FCC collaborated with the Tanzania Bureau of Standards (TBS) in investigating the matter.

The investigations – conducted between April and August 2021 – involved a total of 28 corrugated roofing iron sheets that were purchased as samples to verify claims in two separate complaints.

Fourteen sheets were procured for each case and referred to TBS laboratories for testing. In each case, nine sheets failed to meet standards set for 30-gauge sheets.

According to the provisional findings, which according to Ms Utouh are subject to possible review depending on the final findings, Priscus Alexander Company Limited, Kiboko Precoated Sheets Limited, Jackline Constantine Mallya, Tantu Building Material Company Limited and Urhome Company Limited could pay up to Sh15.087 billion in fines.

In the provisional findings dated February 6, 2023 and published on the FCC’s website on November 15, 2023, a four-member bench said the five respondents had misled the public as to the characteristics and suitability of the roofing sheets in question.

“This is contrary to Section 18 of the Fair Competition Act (FCA)...infringements under Section 18 of the FCA touch on infringement of consumers’ rights to sustainable shelter,” reads part of the provisional findings by the FCC bench chaired by Dr Aggrey Mlimuka and which had Dr Godwin Osoro, Mr Jenard Bahati and Mr William Erio as members.

“Considering the gravity of the offence and in the absence of the aggravating factors provided under Procedure 32 of the Consumer Procedures, a fine of five percent of annual turnover has been proposed."

The FCC thus proposed that Urhome Company Limited should pay a Sh9.089 billion fine, which is equivalent to five percent of the company’s Sh184.785 billion annual turnover as per financial statements audited in September 2021.

It was also proposed that Tantu Building Material Company Limited should pay Sh1.072 billion in line with the firm's Sh21.447 billion annual turnover, while Ms Jackline Constantine Mallya should pay Sh390.573 million based on a Sh7.811 billion turnover.

Kiboko Precoated Sheets Limited was provisionally fined Sh3.208 billion from its Sh26.535 billion turnover, according to the 2021 audit, while it was proposed that Priscus Alexander Company Limited should pay Sh1.327 billion in line with the firm's turnover of Sh26.535 billion according to the 2020 audited financial statements.

Investigation findings

A report by TBS report shows that in order for the IT5 roofing sheets to qualify as 30-gauge, their thickness is supposed to range from 0.225mm to 0.275mm.

The FCC ruling says the roofing sheets did not conform to the minimum requirements of thickness, top coating colour, primer properties, bottom colour properties, gauge markings, manufacturer's name/trademark, batch identifications and coating class markings as required under compulsory standards.

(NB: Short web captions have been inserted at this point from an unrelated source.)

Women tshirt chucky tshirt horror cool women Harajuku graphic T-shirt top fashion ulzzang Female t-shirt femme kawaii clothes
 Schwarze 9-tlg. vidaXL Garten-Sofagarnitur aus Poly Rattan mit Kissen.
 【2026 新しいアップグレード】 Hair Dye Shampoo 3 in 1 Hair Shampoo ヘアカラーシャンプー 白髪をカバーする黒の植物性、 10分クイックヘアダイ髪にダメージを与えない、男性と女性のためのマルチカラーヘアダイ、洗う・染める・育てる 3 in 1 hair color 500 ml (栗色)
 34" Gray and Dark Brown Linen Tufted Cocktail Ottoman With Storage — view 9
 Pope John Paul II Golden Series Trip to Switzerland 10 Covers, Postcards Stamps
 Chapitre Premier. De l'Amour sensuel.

“Misleading or deceptive conduct is when a business makes claims or representations that are likely to create a false impression in consumers as to the price, value or quality of goods or service on offer,” the ruling says in part.

“It is against the law for businesses to make misleading representations about their goods or services. This means businesses are not allowed to make false statements that are incorrect and that are likely to create false impressions."